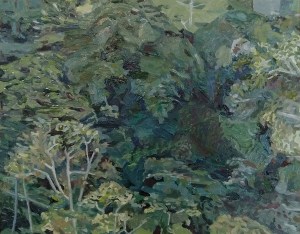 richard lopez  paisaje verde 2 2019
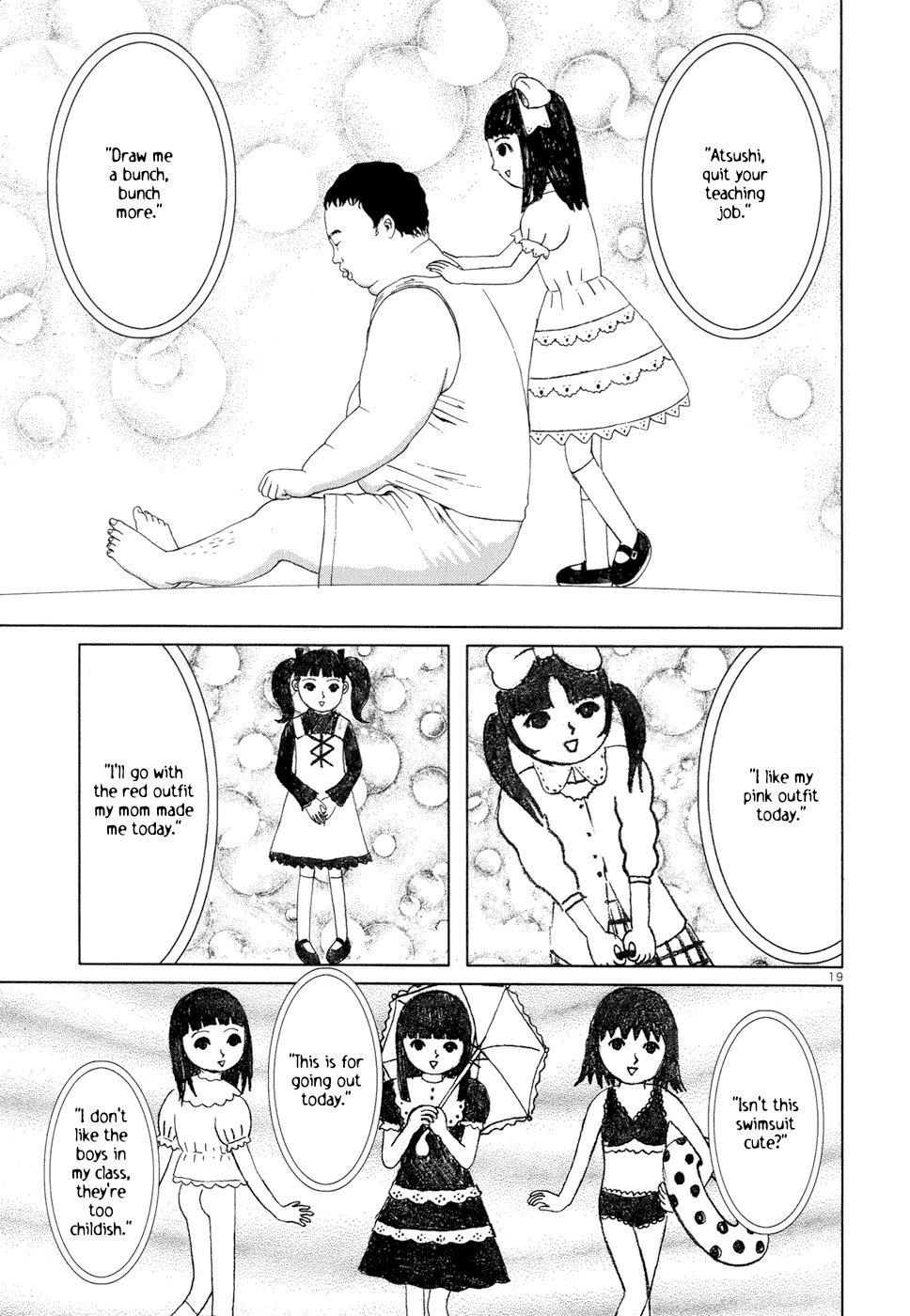 Happiness (FURUYA Usamaru) Chapter 2 page 20 - Chapter 2: Lolita #7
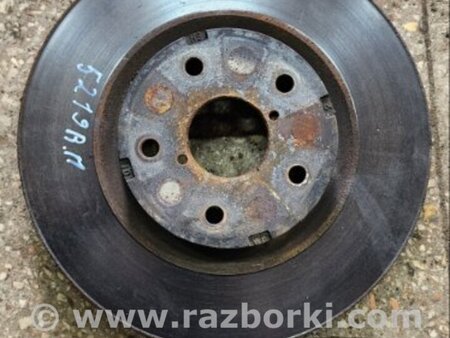 ФОТО Тормозной диск передний правый для Subaru Tribeca B9 (05-08) Київ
★ ★ ★ ★
• **TASK STATEMENT**:
Would you please write out exactly the lines between the line containing "Happiness (FURUYA Usamaru)" and the last line of the listing above, inclusive, without pictures?

• **WRITTEN SOLUTION**:
 Happiness (FURUYA Usamaru) Chapter 2 page 20 - Chapter 2: Lolita #7
 ФОТО Тормозной диск передний правый для Subaru Tribeca B9 (05-08) Київ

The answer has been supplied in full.